After locating the line that contains "Femzene™ Advanced Customizable" in the data below, set down exactly that line and each one after it through the line that contains "Goettl Air Conditioning", and nothing more.

*RECORDS SUPPLIED*.

:::::

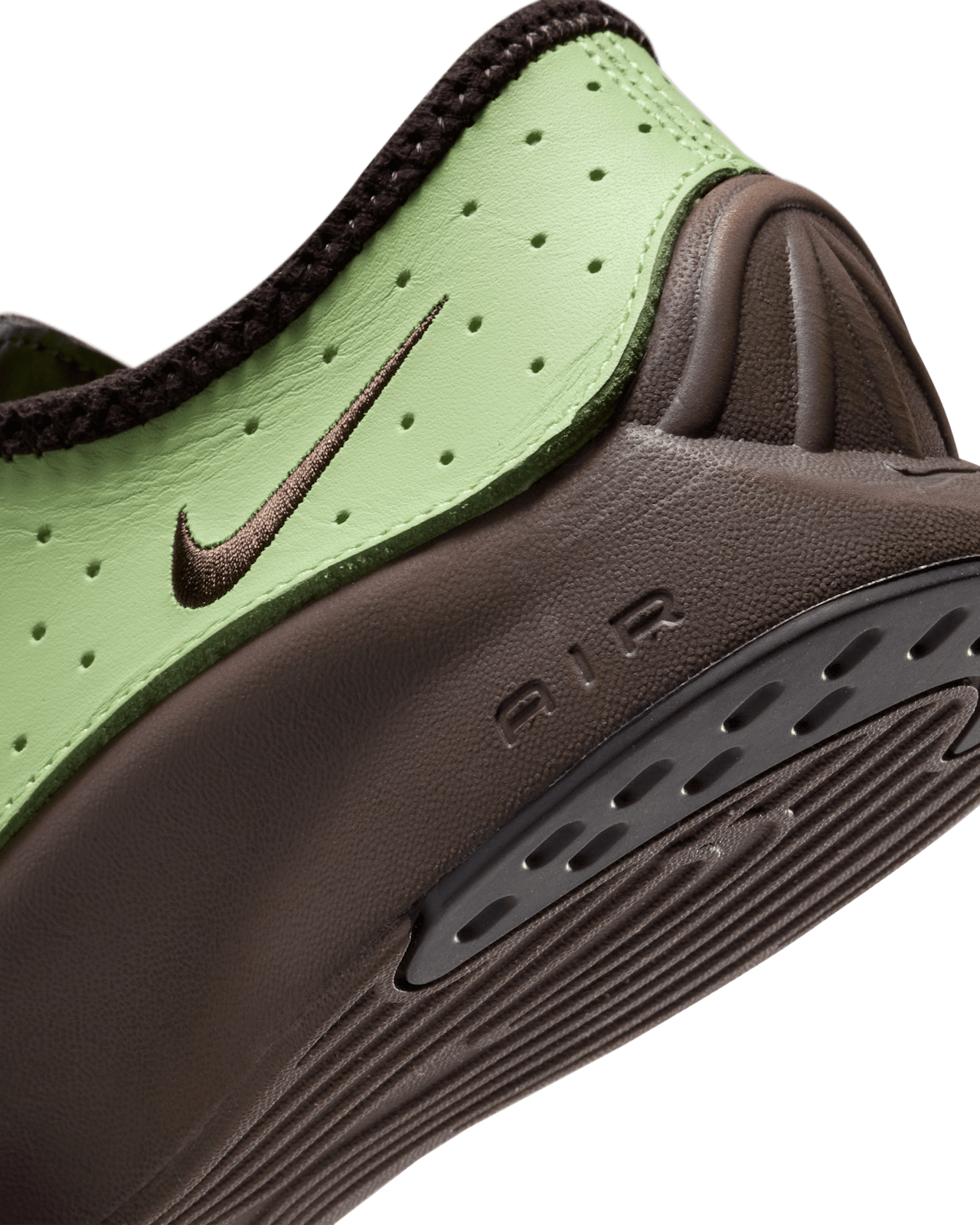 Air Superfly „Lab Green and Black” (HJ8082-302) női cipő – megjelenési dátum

:::::

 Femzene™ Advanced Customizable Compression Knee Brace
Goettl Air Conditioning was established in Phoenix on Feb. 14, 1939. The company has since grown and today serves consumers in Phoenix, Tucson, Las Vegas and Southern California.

:::::

*TASK ANSWER*.
 Femzene™ Advanced Customizable Compression Knee Brace
Goettl Air Conditioning was established in Phoenix on Feb. 14, 1939. The company has since grown and today serves consumers in Phoenix, Tucson, Las Vegas and Southern California.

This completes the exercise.